The Ultimate Headers for the G-body LS swap
The Ultimate Headers for the G-body LS swap

I wanted to keep the quality level of the exhaust system very high. I called up Flowmaster because I was familiar with their high quality parts and their classic aggressive sound. I worked with some very helpful people at Flowmaster when I called, and we were able to come up with a complete parts list that would produce the type of exhaust system I had planned. During our conversation, I explained I had not built an exhaust system before and stated a list of criteria that I wanted in the exhaust system.

My exhaust system criteria included:

  1. Stainless steel construction
  2. 3 inch diameter
  3. Tail pipes that exit behind the rear tire at a 45 degree angle
  4. X-pipe
  5. Electronic Cut-outs to be added
  6. Mufflers that have an aggressive sound when needed, but still able to carry on a conversation in the car at highway speed

The folks at Flowmaster were very helpful with explaining how to build an exhaust system that would incorporate everything I wanted. At first the Flowmaster representative informed me about the American Thunder 2.5 inch diameter stainless steel kit for the G-body.  While this was a very cool product and would meet most of my needs, I really wanted a 3 inch diameter system for sound quality and eventual power enhancements. Also, I really like the tail pipes on a G-body to exit at a 45 degree angle. The only way to obtain these qualities is to order the 3 inch universal kit. The following is a diagram of the parts included in the 3″ stainless steel universal kit and how I used them

There were enough parts in this kit to configure the exhaust in several different ways.
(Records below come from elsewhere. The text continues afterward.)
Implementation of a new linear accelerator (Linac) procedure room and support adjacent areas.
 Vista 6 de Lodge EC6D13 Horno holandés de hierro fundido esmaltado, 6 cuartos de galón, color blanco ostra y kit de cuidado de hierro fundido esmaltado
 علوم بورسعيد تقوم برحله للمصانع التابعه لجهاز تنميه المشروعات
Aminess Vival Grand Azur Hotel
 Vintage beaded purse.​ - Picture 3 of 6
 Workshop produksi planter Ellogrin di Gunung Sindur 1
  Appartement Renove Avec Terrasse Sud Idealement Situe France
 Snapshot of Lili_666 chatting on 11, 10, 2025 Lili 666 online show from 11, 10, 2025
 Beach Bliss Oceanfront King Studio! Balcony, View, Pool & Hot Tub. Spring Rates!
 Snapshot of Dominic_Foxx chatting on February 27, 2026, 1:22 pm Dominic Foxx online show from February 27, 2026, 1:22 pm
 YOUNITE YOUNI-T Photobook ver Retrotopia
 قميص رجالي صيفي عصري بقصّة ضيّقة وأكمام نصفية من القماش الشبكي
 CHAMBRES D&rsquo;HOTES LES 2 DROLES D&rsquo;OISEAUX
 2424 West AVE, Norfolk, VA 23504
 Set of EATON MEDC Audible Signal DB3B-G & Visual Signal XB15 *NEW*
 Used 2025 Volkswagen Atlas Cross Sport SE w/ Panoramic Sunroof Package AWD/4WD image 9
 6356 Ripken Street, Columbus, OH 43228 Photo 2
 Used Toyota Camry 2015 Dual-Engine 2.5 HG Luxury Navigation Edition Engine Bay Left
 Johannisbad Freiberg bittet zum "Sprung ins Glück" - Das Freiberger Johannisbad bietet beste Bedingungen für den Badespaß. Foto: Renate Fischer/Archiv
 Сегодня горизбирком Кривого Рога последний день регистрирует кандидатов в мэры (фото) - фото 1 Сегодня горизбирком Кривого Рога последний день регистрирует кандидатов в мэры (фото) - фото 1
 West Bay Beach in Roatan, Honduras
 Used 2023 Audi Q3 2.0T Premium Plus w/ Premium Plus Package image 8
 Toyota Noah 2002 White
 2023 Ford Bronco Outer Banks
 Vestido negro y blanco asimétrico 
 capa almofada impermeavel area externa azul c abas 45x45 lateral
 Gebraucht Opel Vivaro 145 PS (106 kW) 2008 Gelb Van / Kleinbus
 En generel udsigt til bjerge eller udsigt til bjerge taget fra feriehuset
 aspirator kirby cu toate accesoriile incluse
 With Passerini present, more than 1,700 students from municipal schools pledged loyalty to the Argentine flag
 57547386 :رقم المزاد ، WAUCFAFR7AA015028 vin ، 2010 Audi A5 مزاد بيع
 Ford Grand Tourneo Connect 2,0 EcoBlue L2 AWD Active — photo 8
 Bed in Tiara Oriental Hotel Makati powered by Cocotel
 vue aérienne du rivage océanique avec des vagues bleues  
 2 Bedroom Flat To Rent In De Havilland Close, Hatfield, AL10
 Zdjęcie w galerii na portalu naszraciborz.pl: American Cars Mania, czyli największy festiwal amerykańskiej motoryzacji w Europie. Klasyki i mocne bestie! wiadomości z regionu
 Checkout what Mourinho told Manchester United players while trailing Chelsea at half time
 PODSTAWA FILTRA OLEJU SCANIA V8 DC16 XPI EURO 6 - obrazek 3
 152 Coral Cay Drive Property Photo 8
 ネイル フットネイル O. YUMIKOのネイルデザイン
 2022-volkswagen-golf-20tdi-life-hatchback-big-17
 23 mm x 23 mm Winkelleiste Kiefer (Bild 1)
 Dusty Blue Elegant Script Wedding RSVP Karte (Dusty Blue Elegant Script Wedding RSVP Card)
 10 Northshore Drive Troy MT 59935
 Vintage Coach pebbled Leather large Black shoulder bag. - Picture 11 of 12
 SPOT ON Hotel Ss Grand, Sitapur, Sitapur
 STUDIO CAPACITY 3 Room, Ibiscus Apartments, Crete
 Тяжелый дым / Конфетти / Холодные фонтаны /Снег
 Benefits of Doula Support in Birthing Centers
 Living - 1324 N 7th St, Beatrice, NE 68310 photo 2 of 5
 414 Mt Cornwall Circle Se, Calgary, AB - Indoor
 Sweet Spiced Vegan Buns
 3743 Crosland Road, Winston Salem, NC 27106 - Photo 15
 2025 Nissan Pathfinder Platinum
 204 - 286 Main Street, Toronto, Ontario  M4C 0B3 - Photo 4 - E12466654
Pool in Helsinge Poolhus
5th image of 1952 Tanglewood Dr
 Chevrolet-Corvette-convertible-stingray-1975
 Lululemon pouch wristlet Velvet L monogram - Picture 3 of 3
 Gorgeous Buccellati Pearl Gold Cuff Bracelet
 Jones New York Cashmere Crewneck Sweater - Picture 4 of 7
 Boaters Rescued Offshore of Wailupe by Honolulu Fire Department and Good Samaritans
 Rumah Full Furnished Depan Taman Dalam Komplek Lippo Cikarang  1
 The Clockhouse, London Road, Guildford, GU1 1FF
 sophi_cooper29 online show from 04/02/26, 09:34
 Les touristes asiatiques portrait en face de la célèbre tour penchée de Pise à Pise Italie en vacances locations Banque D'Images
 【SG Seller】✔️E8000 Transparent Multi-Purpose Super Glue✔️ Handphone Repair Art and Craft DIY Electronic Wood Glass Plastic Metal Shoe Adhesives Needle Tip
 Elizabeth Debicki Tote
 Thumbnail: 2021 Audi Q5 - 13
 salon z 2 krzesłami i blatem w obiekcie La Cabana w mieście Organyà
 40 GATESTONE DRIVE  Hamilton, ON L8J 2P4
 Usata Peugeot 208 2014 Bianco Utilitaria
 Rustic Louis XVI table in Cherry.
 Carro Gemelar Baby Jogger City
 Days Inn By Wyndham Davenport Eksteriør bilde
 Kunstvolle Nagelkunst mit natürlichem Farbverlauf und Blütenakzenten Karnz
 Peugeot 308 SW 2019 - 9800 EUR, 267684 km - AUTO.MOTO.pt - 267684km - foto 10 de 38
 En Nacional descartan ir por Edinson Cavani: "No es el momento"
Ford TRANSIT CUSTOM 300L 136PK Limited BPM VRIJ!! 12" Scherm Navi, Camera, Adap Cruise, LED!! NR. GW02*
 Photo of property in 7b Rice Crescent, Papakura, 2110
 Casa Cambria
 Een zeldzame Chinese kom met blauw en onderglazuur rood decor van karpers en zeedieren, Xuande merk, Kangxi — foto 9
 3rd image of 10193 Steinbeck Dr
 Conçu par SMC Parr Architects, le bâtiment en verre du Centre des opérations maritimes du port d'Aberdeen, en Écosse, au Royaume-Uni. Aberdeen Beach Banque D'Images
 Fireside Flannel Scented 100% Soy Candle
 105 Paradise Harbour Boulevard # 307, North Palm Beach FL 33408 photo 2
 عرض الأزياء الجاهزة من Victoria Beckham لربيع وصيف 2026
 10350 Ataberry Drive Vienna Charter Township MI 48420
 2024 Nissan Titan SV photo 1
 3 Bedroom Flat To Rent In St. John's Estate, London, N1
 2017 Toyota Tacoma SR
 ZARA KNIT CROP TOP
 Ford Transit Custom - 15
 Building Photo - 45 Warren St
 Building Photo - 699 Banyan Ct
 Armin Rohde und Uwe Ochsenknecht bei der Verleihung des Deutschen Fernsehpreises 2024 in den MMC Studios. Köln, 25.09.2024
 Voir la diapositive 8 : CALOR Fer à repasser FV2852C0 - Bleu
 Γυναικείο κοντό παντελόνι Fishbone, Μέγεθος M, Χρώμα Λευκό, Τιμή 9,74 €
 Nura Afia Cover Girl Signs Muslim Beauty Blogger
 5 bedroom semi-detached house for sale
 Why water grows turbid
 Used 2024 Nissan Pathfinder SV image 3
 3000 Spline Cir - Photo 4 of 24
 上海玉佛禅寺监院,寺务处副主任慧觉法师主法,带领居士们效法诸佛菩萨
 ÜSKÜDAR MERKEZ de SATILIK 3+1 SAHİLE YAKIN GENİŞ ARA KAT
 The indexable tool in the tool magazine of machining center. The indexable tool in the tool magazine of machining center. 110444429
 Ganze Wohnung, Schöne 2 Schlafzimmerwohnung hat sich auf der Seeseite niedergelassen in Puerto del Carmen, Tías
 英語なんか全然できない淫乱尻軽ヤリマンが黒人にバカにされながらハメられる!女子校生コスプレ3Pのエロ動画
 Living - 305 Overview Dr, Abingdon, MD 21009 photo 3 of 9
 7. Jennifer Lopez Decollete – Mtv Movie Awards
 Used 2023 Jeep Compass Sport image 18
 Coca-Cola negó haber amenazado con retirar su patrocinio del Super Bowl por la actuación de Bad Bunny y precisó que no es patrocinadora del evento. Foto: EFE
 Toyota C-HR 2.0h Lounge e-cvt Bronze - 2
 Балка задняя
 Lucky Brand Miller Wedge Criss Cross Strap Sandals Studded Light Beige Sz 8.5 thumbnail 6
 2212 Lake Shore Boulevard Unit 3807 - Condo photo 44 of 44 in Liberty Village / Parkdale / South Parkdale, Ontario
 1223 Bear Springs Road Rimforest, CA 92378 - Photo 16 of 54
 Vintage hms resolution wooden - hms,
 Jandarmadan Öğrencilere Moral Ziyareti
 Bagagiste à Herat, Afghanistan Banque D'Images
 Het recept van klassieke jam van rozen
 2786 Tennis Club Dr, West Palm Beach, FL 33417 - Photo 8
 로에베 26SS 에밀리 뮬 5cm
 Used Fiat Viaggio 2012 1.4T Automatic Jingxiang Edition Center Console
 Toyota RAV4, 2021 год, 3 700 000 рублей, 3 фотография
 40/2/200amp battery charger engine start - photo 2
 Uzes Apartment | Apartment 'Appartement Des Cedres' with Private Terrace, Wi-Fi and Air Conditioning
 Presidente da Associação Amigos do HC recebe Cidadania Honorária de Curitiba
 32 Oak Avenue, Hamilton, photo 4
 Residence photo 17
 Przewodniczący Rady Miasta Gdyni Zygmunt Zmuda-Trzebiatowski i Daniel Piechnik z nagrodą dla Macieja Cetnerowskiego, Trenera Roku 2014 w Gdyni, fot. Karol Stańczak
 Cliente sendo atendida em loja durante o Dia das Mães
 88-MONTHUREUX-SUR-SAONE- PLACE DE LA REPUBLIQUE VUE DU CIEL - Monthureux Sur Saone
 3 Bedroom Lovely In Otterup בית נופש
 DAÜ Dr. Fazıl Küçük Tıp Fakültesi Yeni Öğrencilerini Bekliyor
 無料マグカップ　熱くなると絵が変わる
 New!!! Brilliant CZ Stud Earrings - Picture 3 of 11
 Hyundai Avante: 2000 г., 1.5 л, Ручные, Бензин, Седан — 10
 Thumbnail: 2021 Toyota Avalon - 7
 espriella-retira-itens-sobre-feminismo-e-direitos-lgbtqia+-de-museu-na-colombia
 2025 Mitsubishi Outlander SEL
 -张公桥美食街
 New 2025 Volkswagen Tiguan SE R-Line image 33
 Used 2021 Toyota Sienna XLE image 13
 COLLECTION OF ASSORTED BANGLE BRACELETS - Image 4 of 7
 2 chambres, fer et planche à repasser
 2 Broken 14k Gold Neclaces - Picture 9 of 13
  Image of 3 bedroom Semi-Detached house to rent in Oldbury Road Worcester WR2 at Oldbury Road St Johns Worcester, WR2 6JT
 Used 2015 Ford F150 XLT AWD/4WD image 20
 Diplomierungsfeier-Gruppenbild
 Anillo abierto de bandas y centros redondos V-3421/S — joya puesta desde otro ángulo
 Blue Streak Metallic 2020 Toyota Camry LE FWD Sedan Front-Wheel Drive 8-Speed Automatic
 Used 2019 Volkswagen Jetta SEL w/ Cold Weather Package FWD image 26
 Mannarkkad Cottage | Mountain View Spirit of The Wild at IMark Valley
The Red and Green notes indicate how I used this kit.

The universal kit comes with provisions to create an H-pipe style exhaust.  The H-pipe actually works better for engines that make less than 600 Hp and a 2.5 inch stainless steel pipe will create more bottom end torque than a 3″ pipe at 600 Hp level and below, but I wanted to build a system that would be able to incorporate future power increases. I added the 3″ scavenge X-pipe kit to my order so I could add electric cut-outs from Race Ready Performance (more on the cut-outs in future articles). The following is a diagram of the 3″ scavenge X-pipe kit and how I combined it with the universal kit.

815933 x scavange pipe
The 3 inch stainless steel scavenge X-pipe kit from Flowmaster provides torque improvement in high horsepower applications. I like the modern appearance and the fit of the crossover.

Before any exhaust work was performed, we built blocks to raise the project: “Hot Rod Regal” up off the ground. The exhaust kits from Flowmaster could easily be constructed and welded under the car at this height.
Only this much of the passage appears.